§ Work to complete
Transcribe all the entries word for word, omitting any pictures they contain.

§ Stored entries

____________

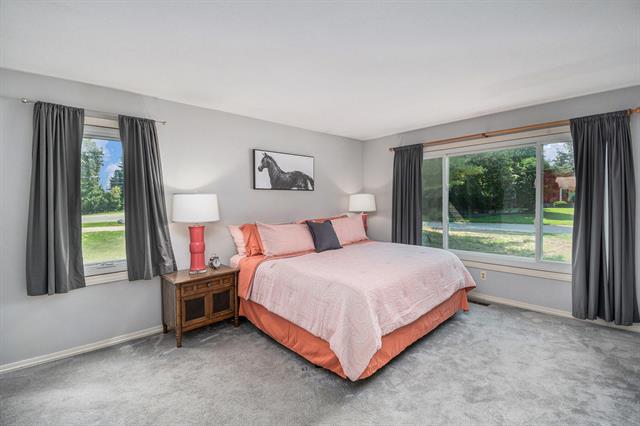 Builiding view sixteen for 6950 Meadowcreek, Hudsonville, MI. 49426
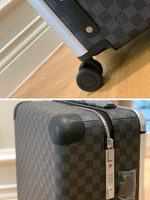 Louis Vuitton Horizon 55 Suitcase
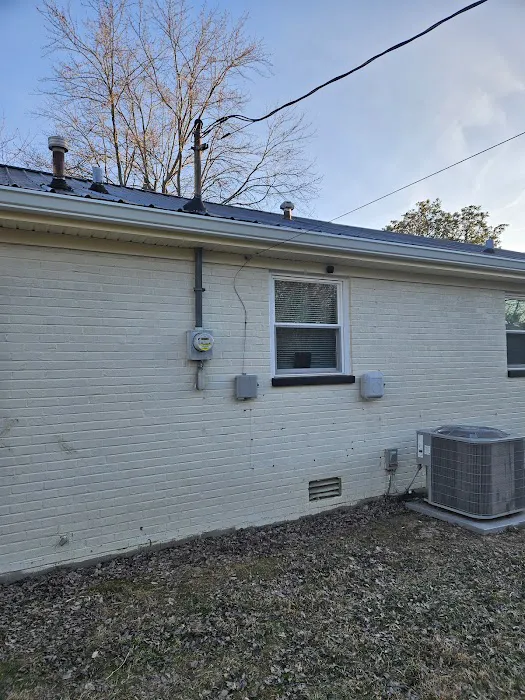 Absolute Seamless Gutters Picture 2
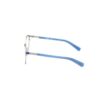 Guess Blue Metal Frames - Image 2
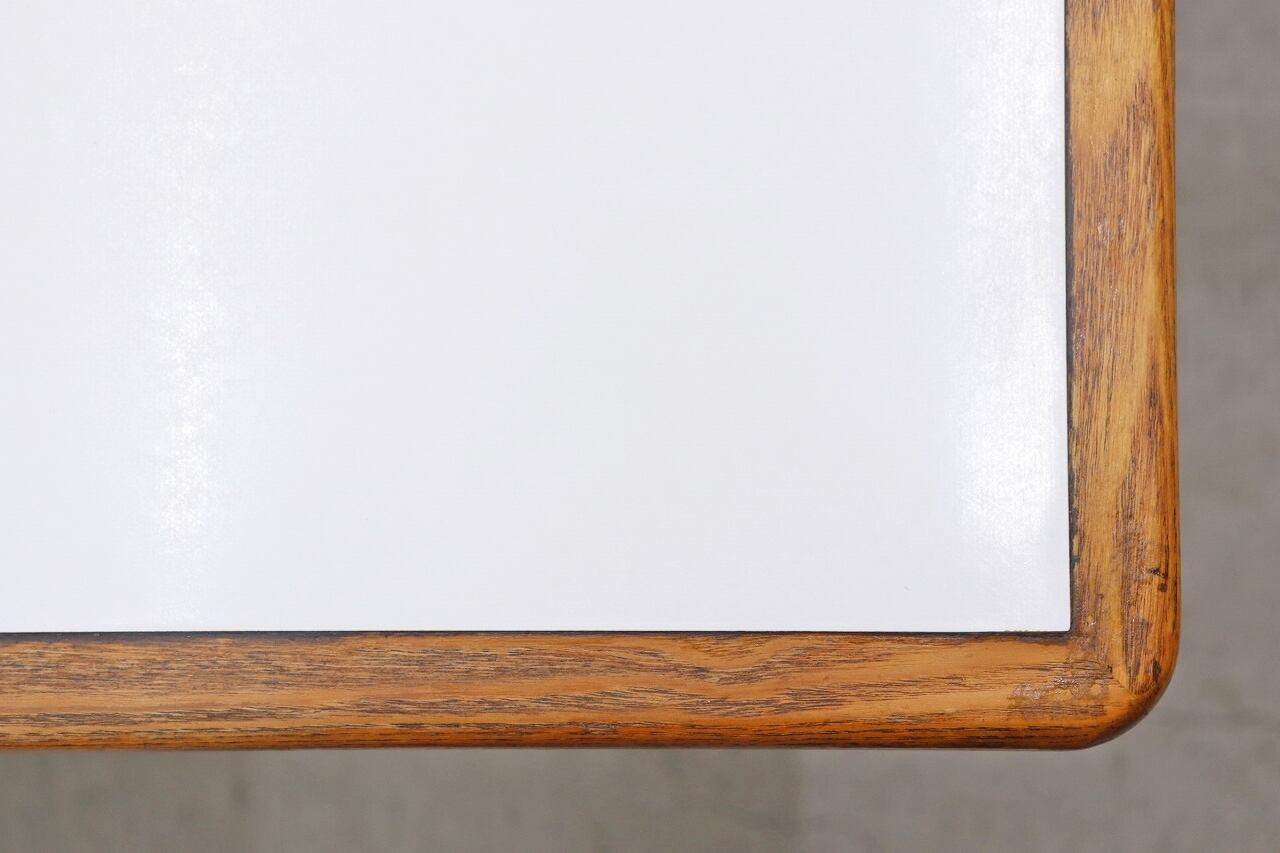 沼津店】Tendo 天童木工 ヴィンテージ ダイニングテーブル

____________

§ Solution for this task
 Builiding view sixteen for 6950 Meadowcreek, Hudsonville, MI. 49426
 Louis Vuitton Horizon 55 Suitcase
 Absolute Seamless Gutters Picture 2
 Guess Blue Metal Frames - Image 2
 沼津店】Tendo 天童木工 ヴィンテージ ダイニングテーブル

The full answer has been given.